Di sisi lain, Airlangga menyebut, pengembangan industri sawit nasional bakal menghadapi tantangan. Di tingkat global, inisiatif Uni Eropa melalui kebijakan European Union Deforestation Regulation (EUDR) untuk membatasi deforestasi yang disebabkan oleh kegiatan kehutanan dan pertanian di seluruh dunia, akan memberikan dampak langsung pada komoditas utama Indonesia, yakni kelapa sawit, kopi, kakao, karet, kedelai, sapi, dan kayu.

“Terlepas dari kekhawatiran kami, pemerintah siap berkolaborasi dengan Uni Eropa dalam membangun kerangka kerja yang mendorong pertanian berkelanjutan, termasuk produksi minyak nabati, dengan cara yang inklusif, holistik, adil, dan tidak diskriminatif. Sangat penting bagi Uni Eropa untuk mengakui dan menyadari sepenuhnya bahwa standar keberlanjutan nasional negara-negara produsen dapat memenuhi persyaratan yang diperlukan untuk mengakses pasar Uni Eropa,” ujar Airlangga.

The Council of Palm Oil Producing Countries (CPOPC) juga telah menjalin komunikasi intensif dengan komisi Uni Eropa untuk mengatasi tekanan tersebut dan telah menghasilkan enam tim kerja termasuk inklusivitas petani kecil, skema sertifikasi yang relevan, ketertelusuran, data ilmiah mengenai deforestasi dan degradasi hutan, serta perlindungan data privasi.

Pemerintah telah mengembangkan clearing house untuk memastikan seluruh komoditas perkebunan yang akan diekspor dapat ditelusuri untuk menjamin pasar global bahwa produk-produk tersebut dihasilkan dari perkebunan yang berkelanjutan.

Airlangga menyebut pengembangan kelapa sawit berkelanjutan turut didorong melalui Indonesia Sustainable Palm Oil Plantation Certification System (ISPO). Sertifikasi ISPO menjamin praktik produksi yang dilakukan oleh perusahaan dan petani kelapa sawit mengikuti prinsip dan kaidah keberlanjutan. 

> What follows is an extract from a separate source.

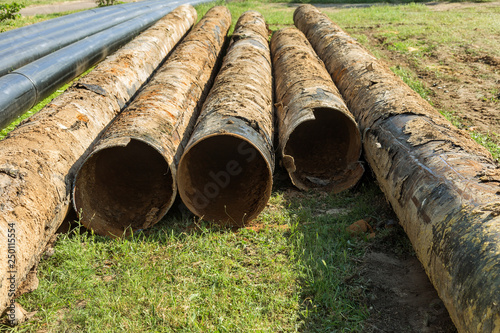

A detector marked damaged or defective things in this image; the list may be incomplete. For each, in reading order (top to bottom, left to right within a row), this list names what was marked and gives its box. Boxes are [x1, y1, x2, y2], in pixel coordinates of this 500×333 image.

Selain ISPO, Indonesia mendukung sertifikasi sukarela melalui skema Roundtable on Sustainable Palm Oil (RSPO).

“Industri kelapa sawit berkontribusi dalam menopang pemulihan ekonomi, serta aspek sosial dan lingkungan masyarakat. Dengan bekerja sama, kita dapat mencapai tujuan untuk perkebunan kelapa sawit yang berkelanjutan, pembangunan rendah karbon, berketahanan iklim dan berkelanjutan, serta penguatan industri minyak sawit dalam negeri,” tuturnya.